Fast forward several months to Theology on Tap at the Knights of Columbus Hall about four weeks ago.  I arrived early and began to greet people, introducing myself.  As I approached one table I recognize the young lady sitting there, she smiled at me.  I introduced myself to the others leaving her last. When I reach her she said, “Father, do you remember me?”  “Yes I do, we met at the Greek Festival.”  This young lady had already signed up for the RCIA program at Saint Mary on the Hill.  I saw her three days ago praying at the Adoration chapel at Saint Marys.  The priest relates to all, so that all may enter into the mystery of the Living God.

I received a phone call over a year ago from a hospice nurse.  A lady was dying close to Waynesboro, the family was requesting a priest.  I drove out there, prayed with her and spoke with her husband who had been distant from the Church for some time.  The lady died within days and I officiated a service at the funeral home.  The husband now comes to Mass without fail every Sunday to Saint Joseph having found peace and consolation in God.  The priest relates to all, so that all may enter into the mystery of the Living God.

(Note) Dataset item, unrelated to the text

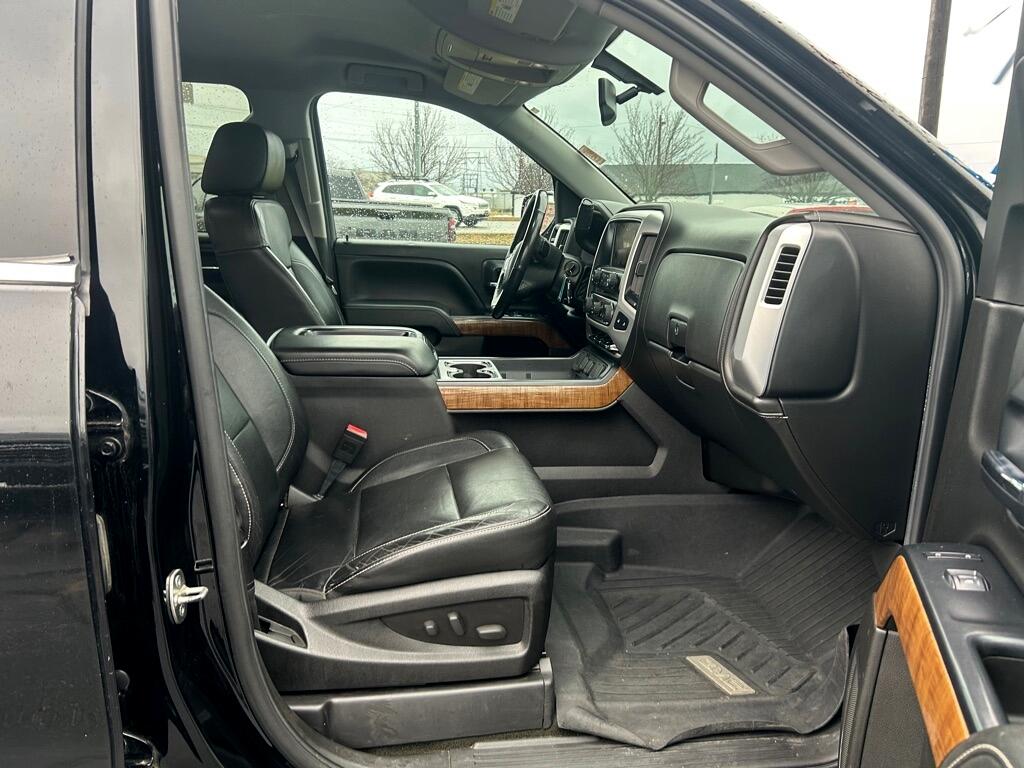 GMC Sierra 1500 SLT Crew Cab 4WD 2014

While in Warner Robins four years ago a lady was returning to Church due to very serious problems that had arisen in her family.  Very unpleasant events were leading her to seek God in her life.  Over the span of six months I came to learn about the family’s turbulent history and see how chains were being passed from generation to the next.  I suggested she pray for her whole family, that the Lord heal their past and liberate them from these chains.  She began to pray a family liberation prayer and many more months passed.

I was in Savannah visiting a priest friend and after dinner we decided to go for a walk by the river.  Suddenly I hear my name, “Father Pablo! Father Pablo!”  I turn and who do I see, my parishioner.  She very excitedly introduced me to her parents, her brothers and her sister’s family.  I greeted them kindly and moved on.  As I walked away a quick thought went through my mind, “how in the world are these people together if they can’t get along with each other!”

Days later, back in Warner Robins, after Mass my parishioner said to me with tears in her eyes, “Father, it had been sixteen years since we had all been together!  My aunt died in Savannah and everyone came, we had a wonderful meal together.  Father, God wanted you there with us to confirm what He is doing in our lives.”

I was speechless.  All I can say is: The priest relates to all, so that all may enter into the mystery of the Living God.

I conclude with more of Romero’s prayer to summarize the work of the priest:

We plant the seeds that one day will grow.

We water seeds already planted, knowing that they hold future promise.

We lay foundations that will need further development.

We provide yeast that produces far beyond our capabilities.

We cannot do everything, and there is a sense of liberation in realizing that.

This enables us to do something, and to do it very well.

It may be incomplete, but it is a beginning, a step along the way,
an opportunity for the Lord’s grace to enter and do the rest.